Deputada federal é alvo da PF em esquema bilionário de fraudes contra aposentados do INSS
PF mira deputada em esquema de R$ 6 bi contra aposentados do INSS

Deputada federal é alvo da PF em esquema bilionário de fraudes contra aposentados do INSS

A nova ofensiva da Polícia Federal contra fraudes no Instituto Nacional do Seguro Social (INSS) atingiu diretamente o núcleo político do esquema bilionário de descontos ilegais em aposentadorias. Deflagrada nesta terça-feira, 17 de março de 2026, a Operação Indébito — que representa um desdobramento da investigação conhecida como Sem Desconto — está cumprindo mandados de busca e prisão em todo o país.

Parlamentar do MDB recebe tornozeleira eletrônica

Um dos principais alvos da operação é a deputada federal Gorete Pereira, filiada ao Movimento Democrático Brasileiro (MDB).
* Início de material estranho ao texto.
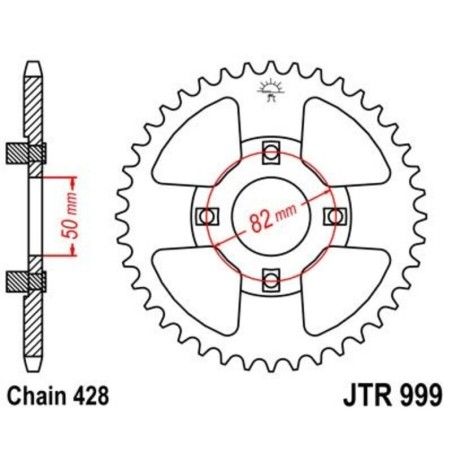 Corona JT 999 de acero con 45 dientes - motoscamaralweb.com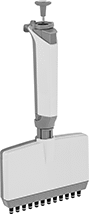Image of Product. Top orientation. Pipettors. Multi-Channel Adjustable-Volume Pipettors, 12 Channels.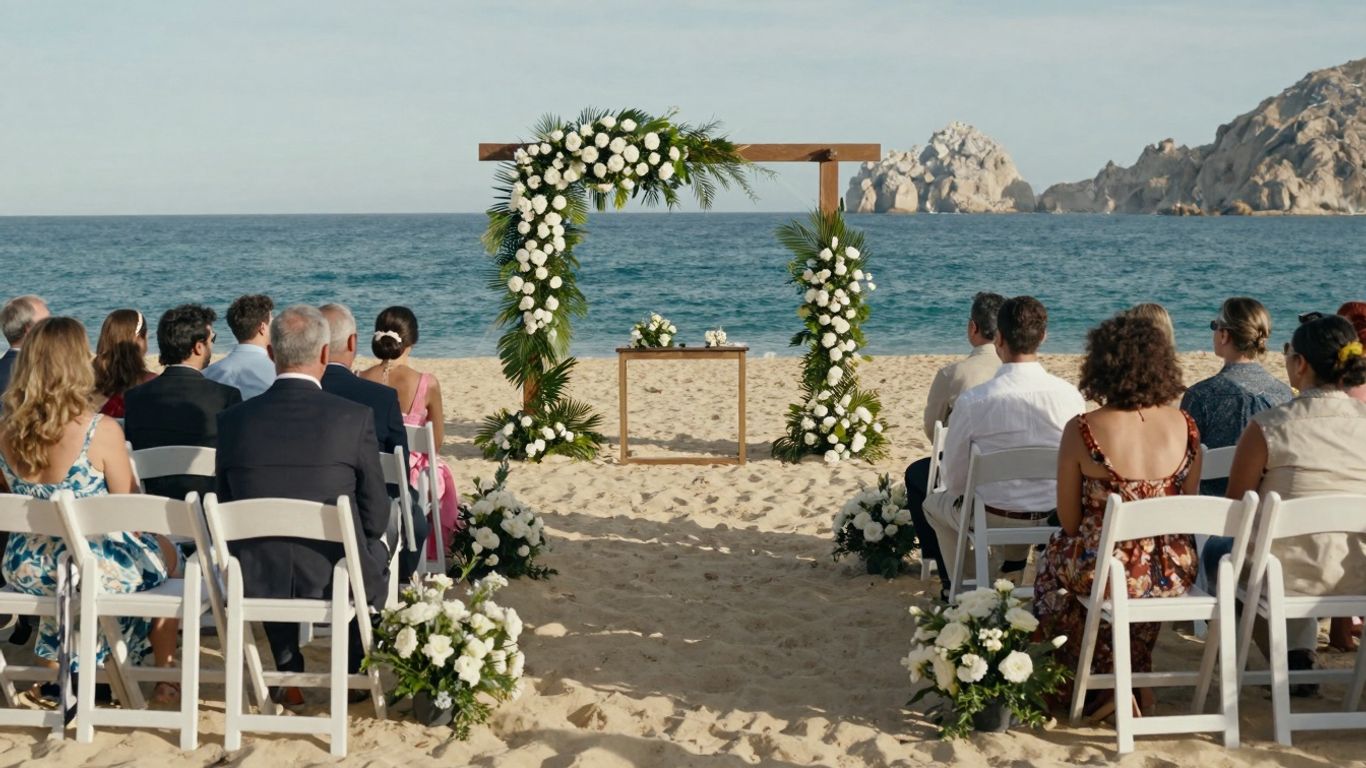 Cabo wedding ceremony on a beach with floral arch.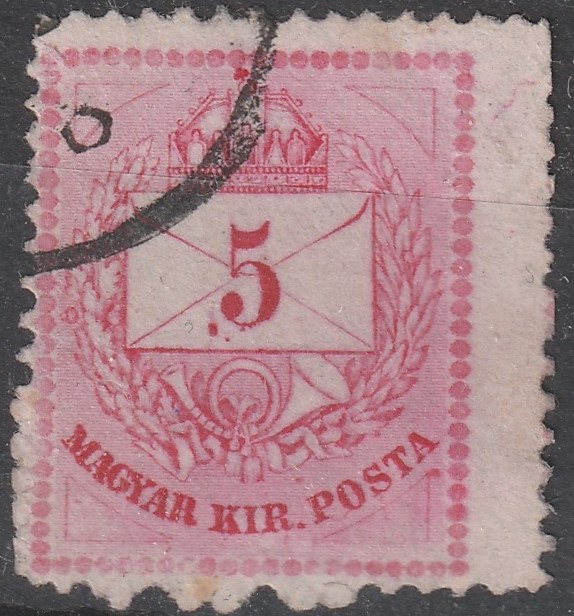 26_7_20260721_0078.1 1874. 5kr elfogazott bélyeg látványos festék folt az értékszám mellett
Por decisão do ministro André Mendonça, do Supremo Tribunal Federal, a parlamentar não foi presa preventivamente, mas terá de utilizar tornozeleira eletrônica como medida cautelar. Esta determinação foi tomada apesar do pedido formal de prisão apresentado pela Procuradoria-Geral da República, que considerou a gravidade das acusações.
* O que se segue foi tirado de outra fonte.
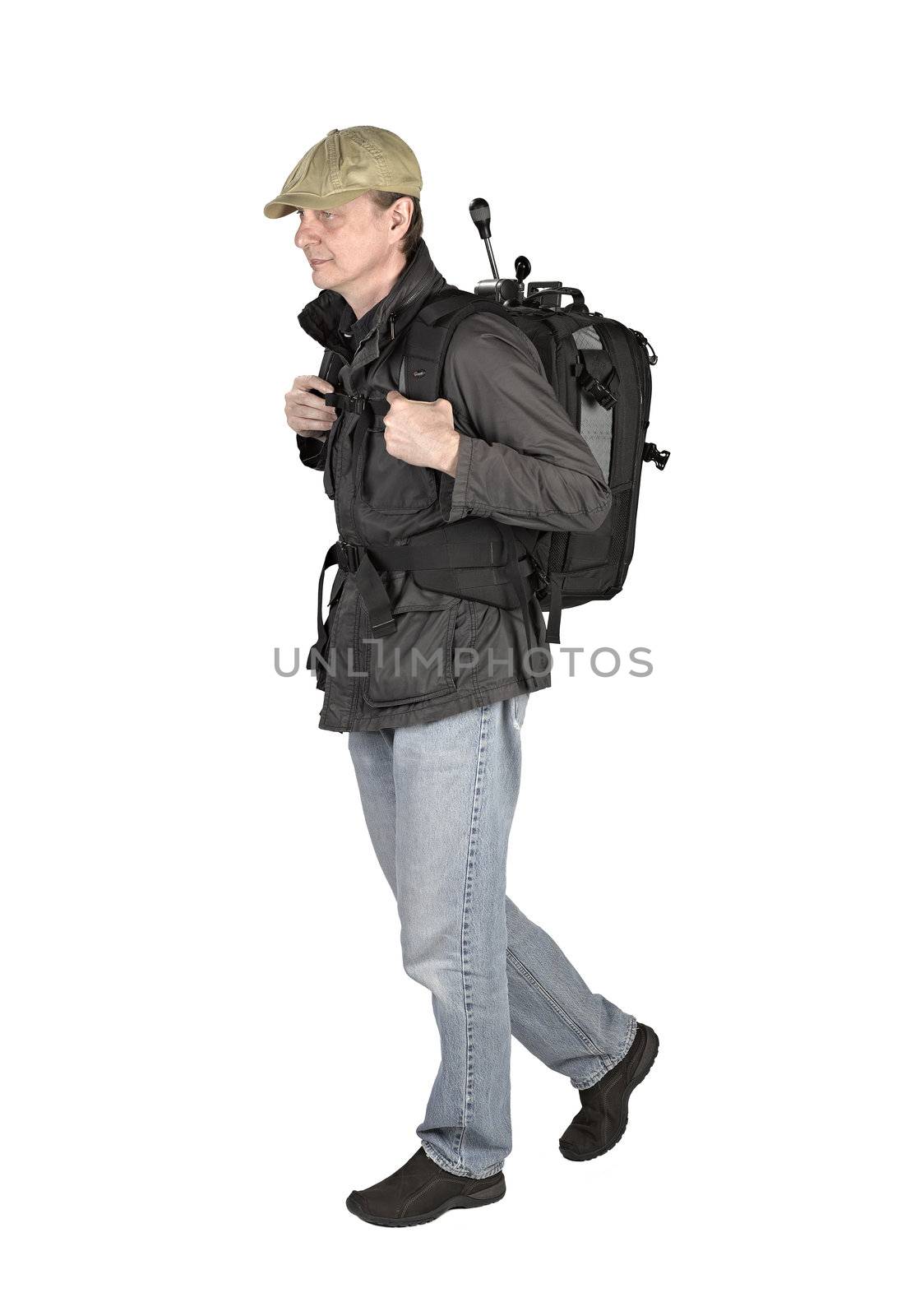 Phtographer hiker, side view on white background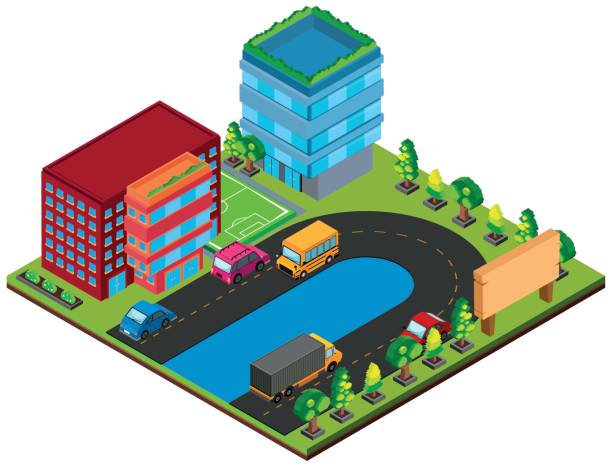3D design for buildings and cars on the road 3D design for buildings and cars on the road illustration singapore flats stock illustrations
Mecanismo do esquema em larga escala

Segundo as investigações da Polícia Federal, o grupo criminoso atuava por meio de descontos associativos não autorizados aplicados diretamente nos benefícios de aposentados e pensionistas. Na prática, valores relativamente pequenos — variando entre 45 e 60 reais — eram debitados mensalmente sem qualquer consentimento dos beneficiários, simulando falsas filiações a entidades.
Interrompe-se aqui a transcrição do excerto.